Assess your risks and be aware of your vulnerabilities. Conduct a risk analysis on your critical business assets.  This includes your information assets as well as your physical kit.  Knowing what you have helps you to identify potential threats, vulnerabilities, and the potential impact of various disaster scenarios.

Develop continuity plans. Based on your risk assessment, find ways to mitigate risks and reduce downtime. This could be as simple as buying a backup power supply, mixing up your suppliers, hardening your IT infrastructure, or enabling your team to work remotely.  You should review this assessment at least once a year.

Document it. Your Business Continuity Plan is a key business document. It should detail all the steps for responding to and recovering from various types of disruptions. At a minimum consider three scenarios that could occur, and detail the specific actions you would need to take, like restoring from backup, moving to rented offices, communicating with stakeholders, and conducting damage assessments.  And review the whole process at least once a year.

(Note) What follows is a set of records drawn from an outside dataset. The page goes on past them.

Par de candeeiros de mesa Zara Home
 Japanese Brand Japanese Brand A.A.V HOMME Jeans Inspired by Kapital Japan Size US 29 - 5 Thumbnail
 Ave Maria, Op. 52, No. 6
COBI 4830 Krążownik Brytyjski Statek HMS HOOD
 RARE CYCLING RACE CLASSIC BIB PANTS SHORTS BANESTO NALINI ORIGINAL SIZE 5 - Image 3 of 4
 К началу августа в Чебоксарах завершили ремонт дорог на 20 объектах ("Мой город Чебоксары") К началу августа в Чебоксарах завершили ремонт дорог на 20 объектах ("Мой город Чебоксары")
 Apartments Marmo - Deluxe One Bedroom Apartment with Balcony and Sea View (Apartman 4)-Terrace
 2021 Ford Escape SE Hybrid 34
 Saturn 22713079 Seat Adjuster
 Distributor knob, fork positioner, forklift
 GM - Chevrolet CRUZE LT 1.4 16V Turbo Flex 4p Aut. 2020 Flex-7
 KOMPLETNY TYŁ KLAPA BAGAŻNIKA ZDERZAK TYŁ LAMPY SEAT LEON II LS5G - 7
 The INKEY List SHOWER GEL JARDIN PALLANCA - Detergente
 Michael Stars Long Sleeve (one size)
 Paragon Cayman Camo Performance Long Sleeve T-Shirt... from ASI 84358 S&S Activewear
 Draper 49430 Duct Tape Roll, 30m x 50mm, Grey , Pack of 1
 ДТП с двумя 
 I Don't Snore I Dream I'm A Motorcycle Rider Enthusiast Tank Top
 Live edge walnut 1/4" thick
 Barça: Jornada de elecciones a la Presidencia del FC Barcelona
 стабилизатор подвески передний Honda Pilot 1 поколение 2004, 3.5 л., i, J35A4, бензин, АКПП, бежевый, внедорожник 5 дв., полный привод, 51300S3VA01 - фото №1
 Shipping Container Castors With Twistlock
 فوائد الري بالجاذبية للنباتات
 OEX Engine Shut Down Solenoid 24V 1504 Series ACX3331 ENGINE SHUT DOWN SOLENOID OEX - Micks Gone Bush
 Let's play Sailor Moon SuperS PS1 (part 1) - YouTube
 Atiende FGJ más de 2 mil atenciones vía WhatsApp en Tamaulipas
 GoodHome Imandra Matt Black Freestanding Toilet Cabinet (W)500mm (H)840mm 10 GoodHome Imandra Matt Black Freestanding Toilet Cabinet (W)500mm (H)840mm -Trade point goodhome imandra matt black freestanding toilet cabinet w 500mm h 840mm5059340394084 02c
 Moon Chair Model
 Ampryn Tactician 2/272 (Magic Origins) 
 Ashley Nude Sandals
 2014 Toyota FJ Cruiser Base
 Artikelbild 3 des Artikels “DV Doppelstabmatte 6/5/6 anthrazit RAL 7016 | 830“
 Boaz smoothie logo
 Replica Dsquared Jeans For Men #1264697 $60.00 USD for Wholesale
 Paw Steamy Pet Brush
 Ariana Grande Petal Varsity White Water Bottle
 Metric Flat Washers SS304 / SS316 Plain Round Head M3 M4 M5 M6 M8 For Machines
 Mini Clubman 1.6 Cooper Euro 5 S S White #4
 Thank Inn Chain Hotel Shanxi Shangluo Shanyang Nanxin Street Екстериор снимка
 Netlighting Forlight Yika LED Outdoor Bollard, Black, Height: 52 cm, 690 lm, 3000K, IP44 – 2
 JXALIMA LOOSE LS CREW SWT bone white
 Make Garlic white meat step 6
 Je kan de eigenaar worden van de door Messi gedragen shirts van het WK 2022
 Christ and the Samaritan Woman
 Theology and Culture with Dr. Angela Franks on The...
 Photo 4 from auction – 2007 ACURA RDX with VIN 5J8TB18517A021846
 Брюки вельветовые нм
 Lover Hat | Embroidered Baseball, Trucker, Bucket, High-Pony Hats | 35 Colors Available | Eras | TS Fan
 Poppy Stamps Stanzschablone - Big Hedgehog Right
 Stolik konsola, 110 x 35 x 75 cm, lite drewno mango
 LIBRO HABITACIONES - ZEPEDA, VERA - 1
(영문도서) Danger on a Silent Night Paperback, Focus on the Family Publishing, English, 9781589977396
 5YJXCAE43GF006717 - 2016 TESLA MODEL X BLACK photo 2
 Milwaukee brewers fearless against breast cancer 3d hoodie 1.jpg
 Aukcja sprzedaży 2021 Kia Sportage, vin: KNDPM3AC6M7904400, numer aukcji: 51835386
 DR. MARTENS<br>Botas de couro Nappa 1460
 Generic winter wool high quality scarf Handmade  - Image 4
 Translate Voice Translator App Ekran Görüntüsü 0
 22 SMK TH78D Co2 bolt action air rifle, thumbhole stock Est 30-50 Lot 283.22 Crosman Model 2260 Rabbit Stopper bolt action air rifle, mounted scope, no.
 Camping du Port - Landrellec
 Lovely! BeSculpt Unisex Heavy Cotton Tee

Test it and keep your team informed. Conduct a desktop exercise at least once a year, where you talk through a scenario and how you would respond. What are the implications and what can you change to reduce the impact on your business. And keep your team informed of any continuity plan updates.

Back up critical business data. A secure offsite and/or in the cloud backup is key. And test it regularly.

Build organisational resilience. Promote a culture focused on resilience, flexibility, and continuous improvement. Empower teams to rapidly adapt and respond to disruptions.  A change in mindset and culture can take time, so start now.

Proactively planning for the unexpected will enable your business to navigate disruptions with minimal impact. Regularly test and update plans to account for emerging risks and changes within the business. With a robust continuity plan in place, you can ensure your operations can weather any storm.